What is expected » The complete listing goes into the output exactly, without its pictures.

(Beginning of Task input)

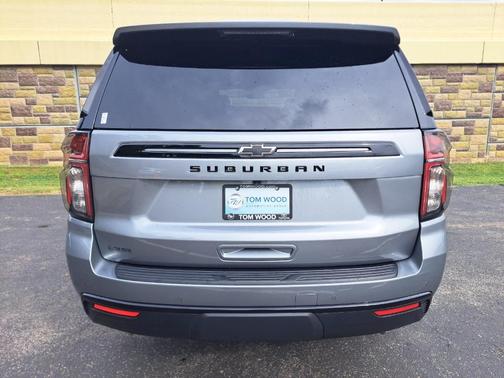 2023 Chevrolet Suburban Z71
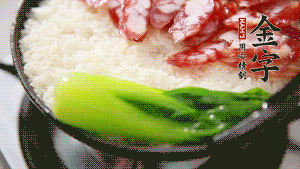 5分鐘后，在鍋邊用勺子淋一圈少少的油。打雞蛋，放青菜，把調(diào)好的醬汁倒入。（在米飯周圍用小勺沿著鍋邊淋上一圈油，是為了吃到地道的鍋巴。這個(gè)過程可以稍微轉(zhuǎn)動(dòng)下鍋，使四壁受熱均勻。）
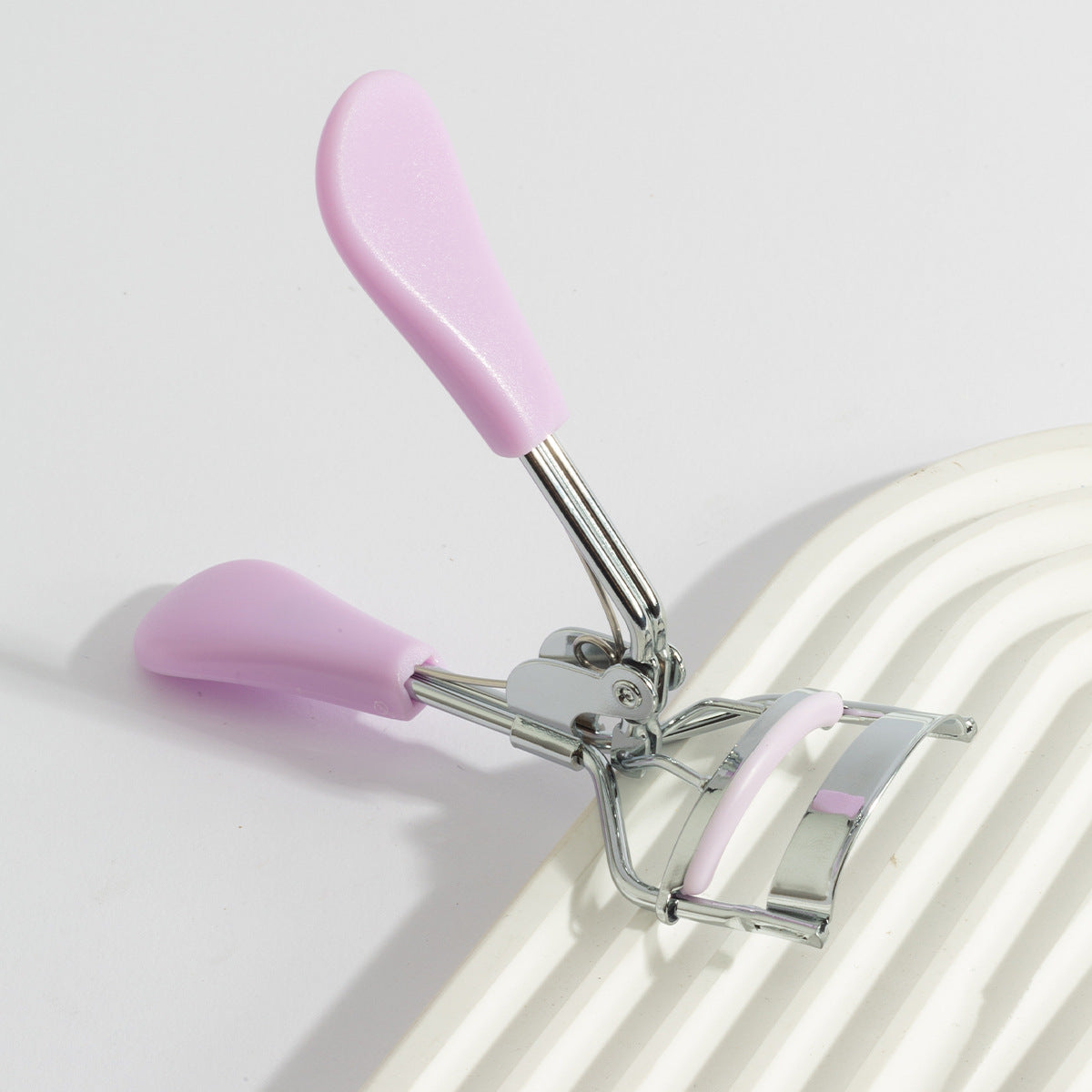 Elegant Lash Sculptor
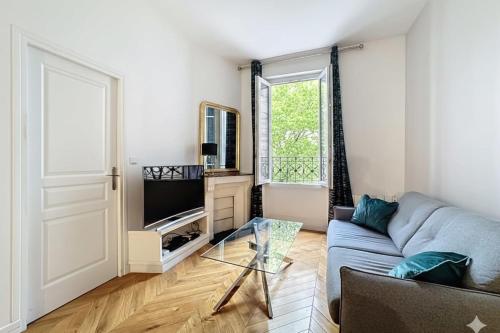 Apartment near Montmartre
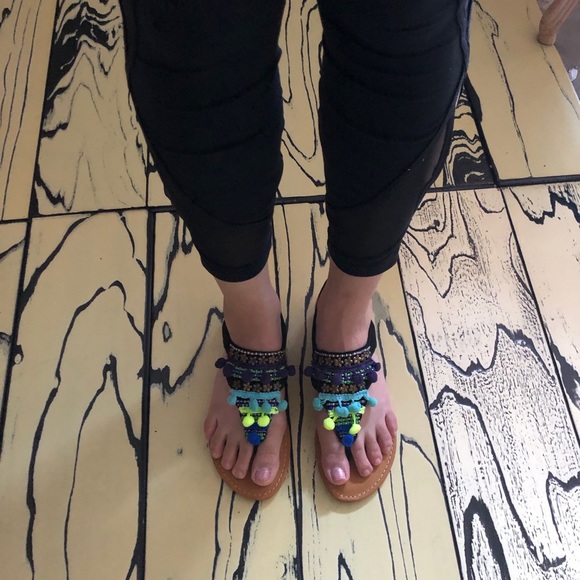 BAMBOO Women's Pompom Slingback sandal - Picture 8 of 8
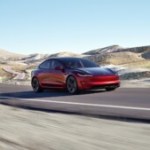 La dernière mise à jour Tesla améliore la conduite sur autoroute, de jour comme de nuit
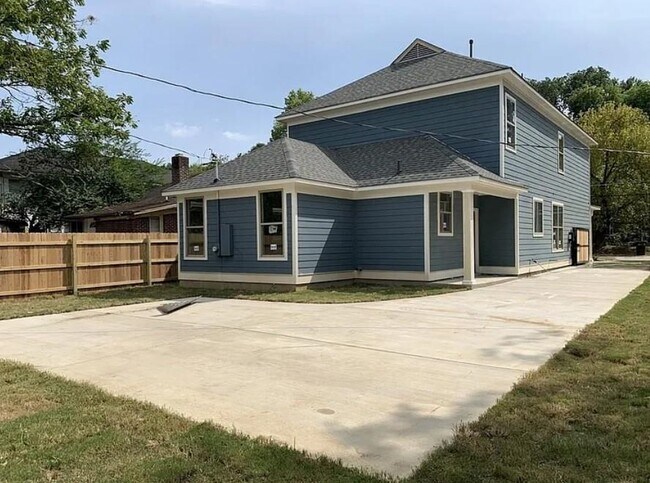 Building Photo - 2374 Forest Ave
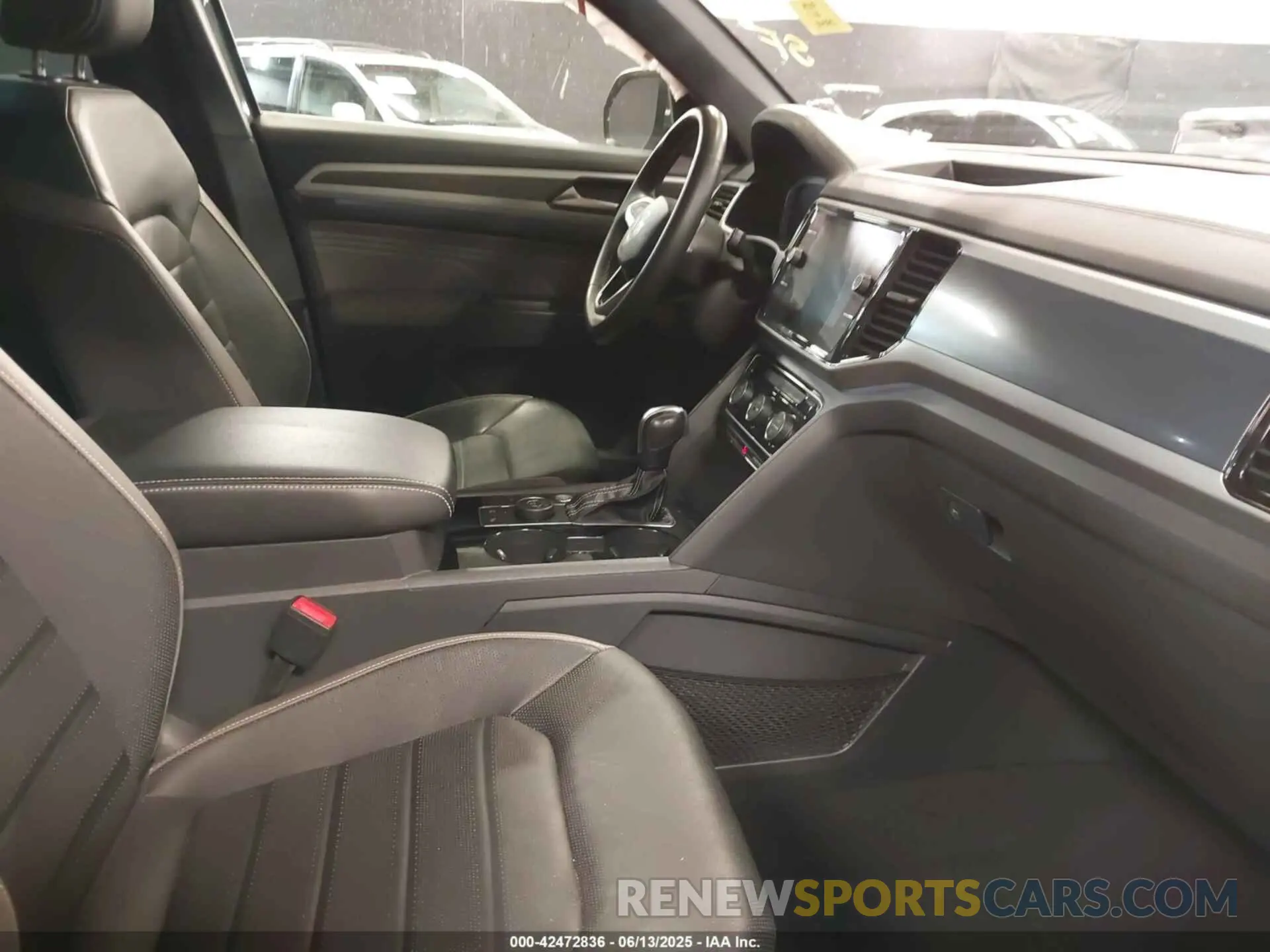 5 Photograph of a damaged car 1V2TE2CA9MC220450 VOLKSWAGEN ATLAS CROSS SPORT 2021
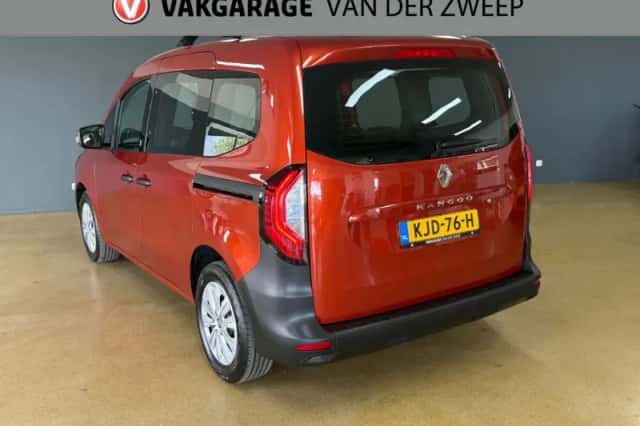 Renault Kangoo (2023) thumbnail 4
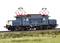 Train miniature bleu avec un pantographe rouge roulant sur un rail, prairie verte au premier plan. Locomotive de la Deutsche Bahn.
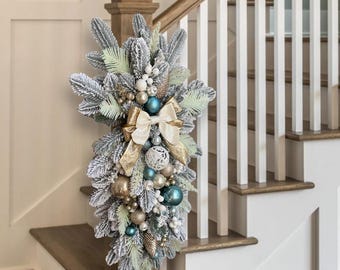 Elegant Christmas Swag: Gold & White Holiday Garland for Staircase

(End of Task input)

Your response »
 2023 Chevrolet Suburban Z71
 5分鐘后，在鍋邊用勺子淋一圈少少的油。打雞蛋，放青菜，把調(diào)好的醬汁倒入。（在米飯周圍用小勺沿著鍋邊淋上一圈油，是為了吃到地道的鍋巴。這個(gè)過程可以稍微轉(zhuǎn)動(dòng)下鍋，使四壁受熱均勻。）
 Elegant Lash Sculptor
 Apartment near Montmartre
 BAMBOO Women's Pompom Slingback sandal - Picture 8 of 8
 La dernière mise à jour Tesla améliore la conduite sur autoroute, de jour comme de nuit
 Building Photo - 2374 Forest Ave
 5 Photograph of a damaged car 1V2TE2CA9MC220450 VOLKSWAGEN ATLAS CROSS SPORT 2021
 Renault Kangoo (2023) thumbnail 4
 Train miniature bleu avec un pantographe rouge roulant sur un rail, prairie verte au premier plan. Locomotive de la Deutsche Bahn.
 Elegant Christmas Swag: Gold & White Holiday Garland for Staircase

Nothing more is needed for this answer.